Achievement: what we all desire unless the reverses of life have despaired us of all hope. Without hope, despair leads to inaction. Hope, like love and faith, is necessary to give life meaning and direction. The text above provides hope to those who trust its message: that God will give meaning to life whatever setbacks are experienced. During our time here in England, someone suggested that the English are “dogged.” It is perhaps the heritage of faith that has given the English the reputation of obstinacy—particularly the ability to cope when their backs are against the wall.
Over the last two days we have been able to complete some of the final nostalgic trips that we planned. While our family was here, we would like to have travelled to the town of Upminster, east of London, where my sister and I grew up, but it was too far and we had insufficient time. However, on Tuesday, Ann joined my sister Heather and me as we were able to visit the home of our childhood, the school we attended and other of the places we recalled from our childhood. We even stopped for a cream tea in the same department store that our mother and grandmother would take us after school.
Of particular interest was the house that my sister and I grew up in. Built in 1934, our parents had bought it new and lived in it until our move to Eastbourne in 1950. Now, it sports a poorly planned addition built by the current owners. They were very gracious and invited us in to look the place over. But the interior exhibited all the signs of the fading hope they expressed; every room was littered, stacked and cramped with belongings, decorations were in poor condition and peeling from the walls.

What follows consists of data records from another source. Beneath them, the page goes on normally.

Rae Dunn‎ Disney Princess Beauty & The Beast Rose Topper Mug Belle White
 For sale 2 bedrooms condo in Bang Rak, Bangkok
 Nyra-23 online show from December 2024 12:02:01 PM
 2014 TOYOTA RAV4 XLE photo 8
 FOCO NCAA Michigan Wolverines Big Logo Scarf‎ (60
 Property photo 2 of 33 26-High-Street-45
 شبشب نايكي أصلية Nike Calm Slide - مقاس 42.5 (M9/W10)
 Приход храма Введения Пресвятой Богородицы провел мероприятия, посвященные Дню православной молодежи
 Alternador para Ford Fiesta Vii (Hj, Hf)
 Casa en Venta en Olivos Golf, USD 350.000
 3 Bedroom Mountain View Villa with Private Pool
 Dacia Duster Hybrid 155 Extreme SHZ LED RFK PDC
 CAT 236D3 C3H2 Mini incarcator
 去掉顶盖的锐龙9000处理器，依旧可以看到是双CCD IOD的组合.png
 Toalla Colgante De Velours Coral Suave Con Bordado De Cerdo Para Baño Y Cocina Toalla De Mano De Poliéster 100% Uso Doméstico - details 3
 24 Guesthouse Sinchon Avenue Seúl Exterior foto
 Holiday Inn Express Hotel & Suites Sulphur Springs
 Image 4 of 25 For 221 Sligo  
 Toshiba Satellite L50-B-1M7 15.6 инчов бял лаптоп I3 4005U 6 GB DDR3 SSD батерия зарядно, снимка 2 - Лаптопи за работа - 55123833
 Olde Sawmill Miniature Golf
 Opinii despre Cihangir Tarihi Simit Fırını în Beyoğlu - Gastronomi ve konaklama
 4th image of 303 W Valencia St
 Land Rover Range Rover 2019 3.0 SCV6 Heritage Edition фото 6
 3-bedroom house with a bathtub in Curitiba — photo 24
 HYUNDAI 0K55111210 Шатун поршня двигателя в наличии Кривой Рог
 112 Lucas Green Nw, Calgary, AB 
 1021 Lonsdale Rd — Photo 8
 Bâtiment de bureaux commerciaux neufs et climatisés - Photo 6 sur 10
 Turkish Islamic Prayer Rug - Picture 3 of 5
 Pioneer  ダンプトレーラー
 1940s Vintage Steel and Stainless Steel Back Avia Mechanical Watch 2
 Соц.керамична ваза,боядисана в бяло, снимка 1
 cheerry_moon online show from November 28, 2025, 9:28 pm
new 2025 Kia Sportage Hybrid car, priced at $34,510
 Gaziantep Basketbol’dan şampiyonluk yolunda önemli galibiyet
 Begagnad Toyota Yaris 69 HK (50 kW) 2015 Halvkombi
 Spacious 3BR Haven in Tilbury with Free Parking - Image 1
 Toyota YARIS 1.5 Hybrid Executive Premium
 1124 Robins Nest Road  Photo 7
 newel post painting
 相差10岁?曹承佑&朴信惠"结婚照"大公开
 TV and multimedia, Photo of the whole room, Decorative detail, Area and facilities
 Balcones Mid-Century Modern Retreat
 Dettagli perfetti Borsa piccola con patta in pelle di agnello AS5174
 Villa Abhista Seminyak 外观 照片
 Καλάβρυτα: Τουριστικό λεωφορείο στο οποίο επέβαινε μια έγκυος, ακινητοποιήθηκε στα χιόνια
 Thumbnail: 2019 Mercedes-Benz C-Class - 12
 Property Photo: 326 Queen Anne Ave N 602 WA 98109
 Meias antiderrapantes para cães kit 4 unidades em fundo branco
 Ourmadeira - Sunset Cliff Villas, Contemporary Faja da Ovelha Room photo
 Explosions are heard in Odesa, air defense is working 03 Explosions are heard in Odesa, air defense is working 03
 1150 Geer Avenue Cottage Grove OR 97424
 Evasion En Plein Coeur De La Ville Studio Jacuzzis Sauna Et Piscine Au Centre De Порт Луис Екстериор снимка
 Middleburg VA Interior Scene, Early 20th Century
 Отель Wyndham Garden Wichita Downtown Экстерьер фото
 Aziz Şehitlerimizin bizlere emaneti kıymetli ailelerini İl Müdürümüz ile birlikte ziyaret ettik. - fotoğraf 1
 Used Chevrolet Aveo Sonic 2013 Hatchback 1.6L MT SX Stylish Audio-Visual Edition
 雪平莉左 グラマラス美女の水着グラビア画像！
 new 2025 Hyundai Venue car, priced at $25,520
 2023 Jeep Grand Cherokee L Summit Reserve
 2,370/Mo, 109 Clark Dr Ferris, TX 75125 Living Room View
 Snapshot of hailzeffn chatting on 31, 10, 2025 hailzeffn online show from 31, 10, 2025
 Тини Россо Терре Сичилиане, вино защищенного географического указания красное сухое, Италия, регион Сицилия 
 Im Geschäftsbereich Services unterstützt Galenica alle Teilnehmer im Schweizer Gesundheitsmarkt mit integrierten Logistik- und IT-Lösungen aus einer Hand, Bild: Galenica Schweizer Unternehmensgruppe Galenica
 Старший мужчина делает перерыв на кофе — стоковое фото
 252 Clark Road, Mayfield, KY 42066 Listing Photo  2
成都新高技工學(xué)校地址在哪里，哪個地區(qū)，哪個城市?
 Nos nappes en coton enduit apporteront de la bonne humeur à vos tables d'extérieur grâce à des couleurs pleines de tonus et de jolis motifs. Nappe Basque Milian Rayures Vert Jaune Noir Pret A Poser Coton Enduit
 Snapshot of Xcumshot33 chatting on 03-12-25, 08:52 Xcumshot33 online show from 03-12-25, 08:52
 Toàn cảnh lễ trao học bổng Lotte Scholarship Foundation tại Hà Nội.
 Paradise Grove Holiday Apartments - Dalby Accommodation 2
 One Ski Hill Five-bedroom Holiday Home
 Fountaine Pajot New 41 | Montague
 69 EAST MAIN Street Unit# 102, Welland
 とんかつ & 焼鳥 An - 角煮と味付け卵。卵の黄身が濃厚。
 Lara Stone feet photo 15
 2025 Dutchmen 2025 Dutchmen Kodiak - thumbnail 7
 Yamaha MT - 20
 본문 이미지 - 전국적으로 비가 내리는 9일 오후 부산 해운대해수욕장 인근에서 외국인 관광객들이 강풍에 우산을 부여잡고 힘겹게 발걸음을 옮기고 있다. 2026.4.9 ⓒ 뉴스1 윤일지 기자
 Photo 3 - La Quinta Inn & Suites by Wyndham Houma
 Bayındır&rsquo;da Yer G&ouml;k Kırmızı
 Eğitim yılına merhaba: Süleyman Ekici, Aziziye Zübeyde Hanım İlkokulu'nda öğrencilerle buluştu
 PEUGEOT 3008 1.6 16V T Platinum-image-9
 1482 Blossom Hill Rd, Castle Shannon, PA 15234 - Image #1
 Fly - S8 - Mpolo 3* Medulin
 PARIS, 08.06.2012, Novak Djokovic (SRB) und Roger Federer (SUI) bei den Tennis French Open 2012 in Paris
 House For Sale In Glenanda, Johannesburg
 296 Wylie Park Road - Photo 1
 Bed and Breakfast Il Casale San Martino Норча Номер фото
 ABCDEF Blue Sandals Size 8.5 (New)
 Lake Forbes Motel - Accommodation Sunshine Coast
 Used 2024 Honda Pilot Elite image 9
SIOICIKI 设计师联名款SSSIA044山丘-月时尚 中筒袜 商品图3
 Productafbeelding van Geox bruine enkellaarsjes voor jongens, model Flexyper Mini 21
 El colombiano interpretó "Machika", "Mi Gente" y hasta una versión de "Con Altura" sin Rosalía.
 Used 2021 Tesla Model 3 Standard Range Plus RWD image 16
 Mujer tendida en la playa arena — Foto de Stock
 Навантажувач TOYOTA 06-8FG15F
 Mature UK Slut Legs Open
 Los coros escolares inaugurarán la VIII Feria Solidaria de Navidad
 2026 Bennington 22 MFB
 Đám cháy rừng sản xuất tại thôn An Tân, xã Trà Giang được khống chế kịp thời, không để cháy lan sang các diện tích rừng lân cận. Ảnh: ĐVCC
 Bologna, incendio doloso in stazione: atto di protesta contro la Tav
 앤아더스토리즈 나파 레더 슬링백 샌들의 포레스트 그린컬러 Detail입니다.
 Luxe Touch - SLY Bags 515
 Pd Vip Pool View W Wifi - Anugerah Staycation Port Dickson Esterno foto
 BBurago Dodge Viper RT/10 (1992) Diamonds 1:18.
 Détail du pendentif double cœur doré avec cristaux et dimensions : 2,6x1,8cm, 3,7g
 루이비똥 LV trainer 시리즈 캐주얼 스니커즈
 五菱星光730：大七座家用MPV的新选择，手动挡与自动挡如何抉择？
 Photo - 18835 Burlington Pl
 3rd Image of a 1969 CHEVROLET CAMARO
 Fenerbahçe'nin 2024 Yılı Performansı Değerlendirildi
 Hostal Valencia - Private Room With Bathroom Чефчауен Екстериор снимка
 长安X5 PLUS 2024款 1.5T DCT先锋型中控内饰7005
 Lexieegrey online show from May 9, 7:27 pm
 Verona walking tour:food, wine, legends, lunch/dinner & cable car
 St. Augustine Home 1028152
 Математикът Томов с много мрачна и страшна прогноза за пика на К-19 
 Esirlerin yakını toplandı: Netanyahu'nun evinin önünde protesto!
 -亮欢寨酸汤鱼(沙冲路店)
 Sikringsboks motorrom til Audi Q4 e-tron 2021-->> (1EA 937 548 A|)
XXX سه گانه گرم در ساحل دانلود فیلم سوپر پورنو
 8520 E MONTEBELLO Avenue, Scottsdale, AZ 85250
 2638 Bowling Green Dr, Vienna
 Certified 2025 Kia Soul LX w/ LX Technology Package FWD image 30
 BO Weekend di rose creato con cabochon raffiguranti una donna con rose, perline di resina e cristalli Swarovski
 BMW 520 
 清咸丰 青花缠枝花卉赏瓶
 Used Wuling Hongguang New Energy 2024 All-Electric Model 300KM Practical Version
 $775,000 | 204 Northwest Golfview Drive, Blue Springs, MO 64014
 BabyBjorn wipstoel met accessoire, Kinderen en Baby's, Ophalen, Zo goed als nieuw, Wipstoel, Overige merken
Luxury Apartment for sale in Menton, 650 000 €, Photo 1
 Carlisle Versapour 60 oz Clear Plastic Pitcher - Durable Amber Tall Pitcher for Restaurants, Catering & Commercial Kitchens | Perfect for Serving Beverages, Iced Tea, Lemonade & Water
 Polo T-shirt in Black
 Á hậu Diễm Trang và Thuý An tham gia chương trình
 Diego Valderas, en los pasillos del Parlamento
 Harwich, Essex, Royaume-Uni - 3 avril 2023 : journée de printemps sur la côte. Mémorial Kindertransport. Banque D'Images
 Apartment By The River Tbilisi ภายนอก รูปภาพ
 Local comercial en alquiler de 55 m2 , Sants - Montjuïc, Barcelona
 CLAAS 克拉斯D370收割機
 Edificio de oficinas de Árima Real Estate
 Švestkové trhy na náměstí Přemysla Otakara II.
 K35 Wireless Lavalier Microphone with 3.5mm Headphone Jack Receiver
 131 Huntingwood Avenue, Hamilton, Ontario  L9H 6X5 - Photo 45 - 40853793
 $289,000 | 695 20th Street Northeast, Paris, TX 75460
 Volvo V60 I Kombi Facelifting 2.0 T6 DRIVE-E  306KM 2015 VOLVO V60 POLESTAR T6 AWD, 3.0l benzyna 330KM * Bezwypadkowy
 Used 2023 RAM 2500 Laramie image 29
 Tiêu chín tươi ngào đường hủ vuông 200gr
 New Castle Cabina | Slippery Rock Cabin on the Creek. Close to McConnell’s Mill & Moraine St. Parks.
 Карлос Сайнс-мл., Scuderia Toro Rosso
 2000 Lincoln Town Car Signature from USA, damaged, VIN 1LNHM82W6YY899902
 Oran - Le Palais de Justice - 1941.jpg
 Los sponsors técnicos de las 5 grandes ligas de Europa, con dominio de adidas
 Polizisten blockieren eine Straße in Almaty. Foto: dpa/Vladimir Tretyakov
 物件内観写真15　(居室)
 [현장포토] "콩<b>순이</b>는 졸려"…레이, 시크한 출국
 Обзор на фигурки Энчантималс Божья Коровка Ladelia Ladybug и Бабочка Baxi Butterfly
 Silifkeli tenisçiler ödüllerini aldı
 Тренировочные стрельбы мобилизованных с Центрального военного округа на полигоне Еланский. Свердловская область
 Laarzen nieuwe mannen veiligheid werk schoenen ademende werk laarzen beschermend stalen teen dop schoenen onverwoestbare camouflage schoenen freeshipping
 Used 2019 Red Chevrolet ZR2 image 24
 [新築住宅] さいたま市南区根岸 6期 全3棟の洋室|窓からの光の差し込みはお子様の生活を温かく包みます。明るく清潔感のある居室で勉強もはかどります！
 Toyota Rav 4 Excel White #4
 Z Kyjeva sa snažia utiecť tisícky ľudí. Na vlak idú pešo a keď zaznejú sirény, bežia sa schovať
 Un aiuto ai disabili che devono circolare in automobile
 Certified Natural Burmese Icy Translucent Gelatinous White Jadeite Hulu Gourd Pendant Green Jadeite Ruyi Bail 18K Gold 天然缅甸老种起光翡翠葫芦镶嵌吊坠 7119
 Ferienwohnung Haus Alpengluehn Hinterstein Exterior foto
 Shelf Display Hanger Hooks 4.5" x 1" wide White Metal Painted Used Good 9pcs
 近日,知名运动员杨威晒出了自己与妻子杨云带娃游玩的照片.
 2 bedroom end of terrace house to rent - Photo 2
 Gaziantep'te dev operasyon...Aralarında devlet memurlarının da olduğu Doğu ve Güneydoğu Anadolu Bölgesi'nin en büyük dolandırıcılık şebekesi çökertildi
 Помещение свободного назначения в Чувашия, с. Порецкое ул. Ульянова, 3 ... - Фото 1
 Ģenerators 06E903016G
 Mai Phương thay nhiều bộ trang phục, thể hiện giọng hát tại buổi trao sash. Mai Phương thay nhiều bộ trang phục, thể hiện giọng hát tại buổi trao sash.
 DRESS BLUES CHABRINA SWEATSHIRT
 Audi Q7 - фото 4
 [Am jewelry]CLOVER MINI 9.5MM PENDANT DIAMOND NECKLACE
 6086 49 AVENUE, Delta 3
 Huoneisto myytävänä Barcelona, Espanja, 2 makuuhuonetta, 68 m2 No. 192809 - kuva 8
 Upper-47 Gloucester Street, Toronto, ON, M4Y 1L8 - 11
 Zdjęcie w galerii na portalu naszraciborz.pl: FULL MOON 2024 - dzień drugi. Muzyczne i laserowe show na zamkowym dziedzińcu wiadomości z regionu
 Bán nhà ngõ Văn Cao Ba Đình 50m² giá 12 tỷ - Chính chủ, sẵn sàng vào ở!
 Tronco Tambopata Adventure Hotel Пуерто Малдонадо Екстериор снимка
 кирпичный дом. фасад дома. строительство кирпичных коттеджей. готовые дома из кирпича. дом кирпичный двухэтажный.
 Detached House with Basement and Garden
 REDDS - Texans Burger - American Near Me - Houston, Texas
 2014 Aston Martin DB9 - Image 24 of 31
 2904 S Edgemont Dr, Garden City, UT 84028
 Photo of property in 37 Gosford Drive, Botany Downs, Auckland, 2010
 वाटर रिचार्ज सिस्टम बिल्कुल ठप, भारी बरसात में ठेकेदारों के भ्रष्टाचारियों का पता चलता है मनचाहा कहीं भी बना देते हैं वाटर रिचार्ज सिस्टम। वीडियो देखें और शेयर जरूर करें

In an attempt to start clean up, they erected a large shed in the back garden to store some of this stuff, but poor health of the wife and a failing husband’s business were clearly taking their toll and undermining whatever motivation they had left. In fact, the impression left was a problem getting worse, not better. Ann in her usual and resourceful way made suggestions to encourage them to persevere.
I left with the sense that a fading struggle to cope had mastered them and thankfulness that we had a hope that transcends the failing abilities of life; that God’s plan for our lives is still a reachable goal, and that His word and work in us will achieve the purpose for which he called us.